According to the inspection report, asbestos was detected in two building materials used in his apartment.

Soon after, Whittemore began to deal with his own plumbing issues. A crack in the ceiling caused water to flow into the apartment. Random puddles of water appeared in his dining room.

Once again, a plumber was called in to resolve the issue. After the plumber began renovating, Whittemore filed a complaint with DHEC. Once again, lab results showed that a building material in her apartment contained asbestos. Whittemore, Therrien and their roommate were ordered to evacuate immediately.

“We kind of got up and left,” Whittemore said, adding that he and his girlfriend only took about a week’s worth of clothes with them.

The couple ended up living in hotels for over a month before moving to a new apartment complex. They are still hoping to get what’s left at the Copperfield Apartments, but Whittemore estimates that around 40% of their belongings, including their sofa, mattresses, towels and clothes, cannot be recovered.

“We called the apartment every day,” he says. “Their response is that we can’t find a supplier who wants to come in and do the job. “

Monitoring the asbestos problem

Linda Reinstein, president of the Asbestos Disease Awareness Organization, said the Whittemore situation is not uncommon and many residential buildings across the country still contain asbestos.

“Asbestos was used extensively in structures until the 1980s, but technically it could still be used today since it was not banned,” Reinstein said. “It is a man-made disaster that causes more than 40,000 Americans to die from preventable diseases each year. “

The Copperfield Apartments were built in 1972, according to the Richland County GIS Mapping System.

Although the federal government has various safety regulations designed to prevent asbestos-related diseases, there is no formal system in place to monitor asbestos reduction.

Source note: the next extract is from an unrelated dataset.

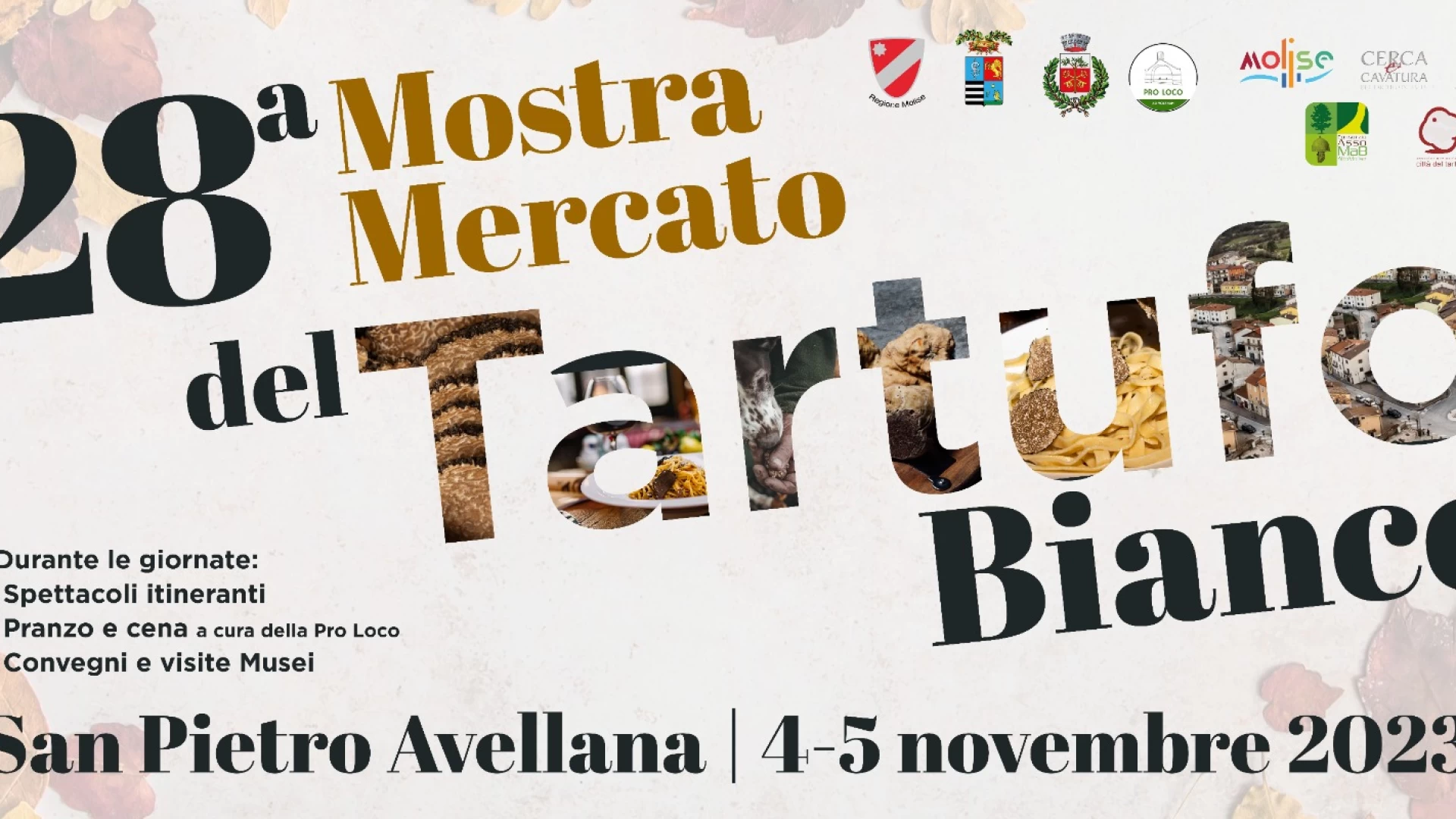 San Pietro Avellana, il 4 e 5 novembre appuntamento con la 28°esima edizione della mostra mercato del Tartufo Bianco.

This makes it difficult to say how widespread the problem is.

In the past year, DHEC has inspected 252 structures for asbestos statewide, according to spokesperson Derrek Asberry.

“We know that asbestos exists in many of them, but this figure is not tracked because the presence of asbestos is not a public health problem,” he said.

Asbestos becomes dangerous when it breaks down and can be inhaled. When that happens, Asberry said DHEC “will demand that the building be evacuated until the remediation is complete.”

DHEC could potentially reprimand the landlord for the two cited violations at Copperfield Apartments, but agency spokeswoman Laura Renwick said she could not comment on the details of the enforcement process as the case was In progress.

DHEC said it did not intend to inspect the apartment complex further.

There are two ways to determine if you have been exposed to asbestos in your home. First, you can call the manufacturer of any product that you suspect may contain asbestos. According to the DHEC website, common sources of asbestos in the home include ceiling tiles, tub panels, pipe insulation, and loose insulation.

You can also have suspicious material tested in a laboratory. DHEC maintains a list of asbestos professionals who can perform inspections and laboratory tests on its website. You can also find one in the yellow pages under “Environmental Consultants”.

For more information, visit the DHEC website or call the department’s asbestos section at (803) 898-4289.

Rebecca Liebson covers housing and livability for the state. She is also a member of the Report for America Corps. Rebecca joined The State in 2020. She graduated from Stony Brook University in 2019 and has written for the New York Times, New York Post and NBC. His work has been recognized by the Society of Professional Journalists, the Hearst Foundation and the Press Club of Long Island.